Royalteen is a Netflix YA romance film where an “Average Girl” runs into the crown prince of Norway and they fall in love. But will her “Dark Past” ruin the relationship before it can even take off? Yawn. Huh? What were we talking about? <rubs sleep from eyes>
About the only really positive thing I can say about this flick is that this European prince didn’t poach an average-but-actually-beautiful American women (who probably runs a boutique bakery). There sure is a lot that going around. No, this movie keeps it Norwegian.
This flick is bland. You want your teen YA fantasy romances complete with the most average royal guy ever? Who lives the lifestyles of the apparently rich and kinda famous, I guess? You want her to have no noticeable personality traits except for the five minutes at the beginning where she sneers at the royals (and it takes about two minutes to change her mind once she meets Prince Charmless).
You know that point in any romance where you might roll your eyes at the plot or the dialog, but there’s something cute and charming about the two leads? Yeah, this movie doesn’t have that.

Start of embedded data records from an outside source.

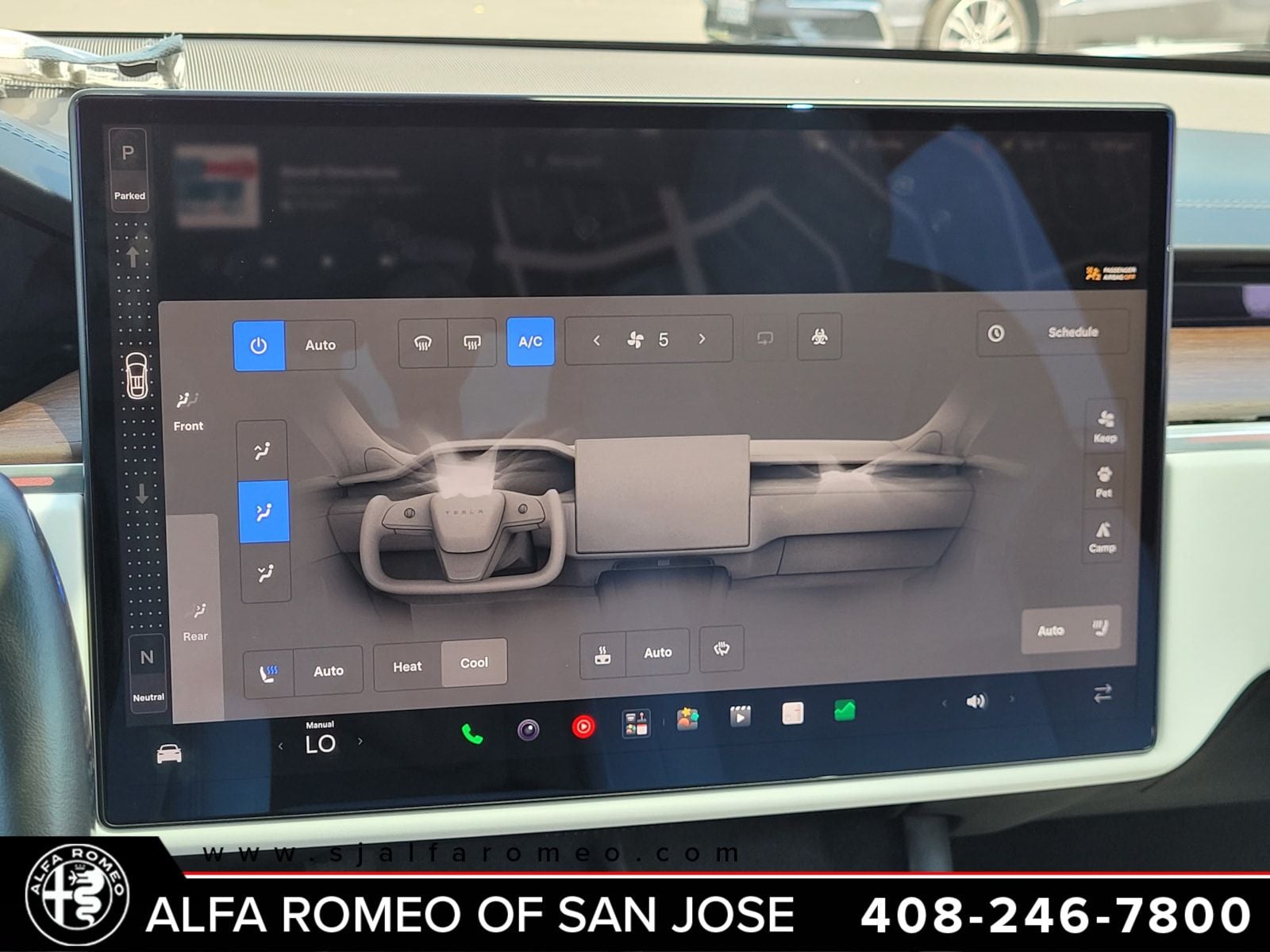 2023 Tesla Model X Base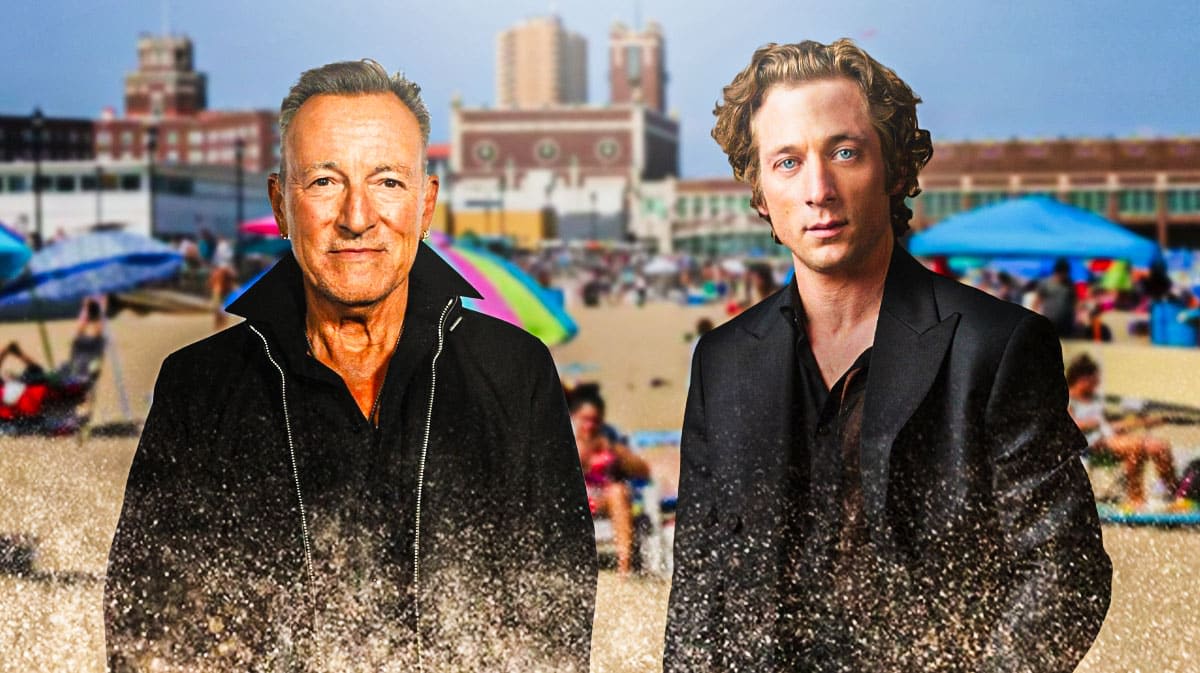 Jeremy Allen White drops Bruce Springsteen biopic truth bomb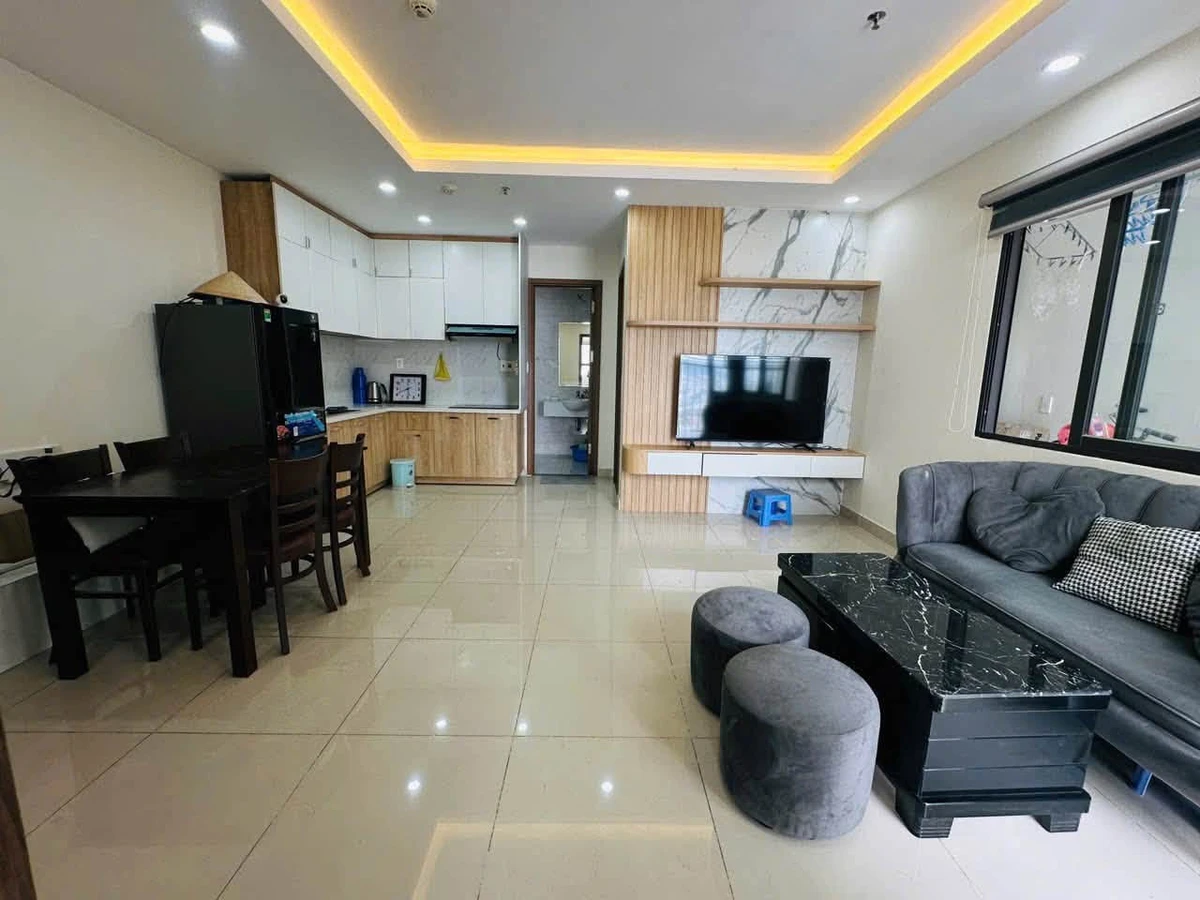 Bán căn hộ 2PN CT4 VCN Phước Hải Nha Trang 66m2 giá 3 tỷ - Ảnh 1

There is a surprise near the end of the movie that is half-way decent only because it subverts the very boring secret the film had been setting up. And that’s only good because the original Dark Past storyline was so aggressively high school I thought the Breakfast Club would show up and dance to an 80s hit. It doesn’t save the movie but at least it gives it teeth… or maybe just a single tooth (and not even a fang).
If you’ve even noticed this release, might as well keep doomscrolling past it to something infinitely better. It’s so aggressively bland and boring that it doesn’t rank the effort to even write this much about it.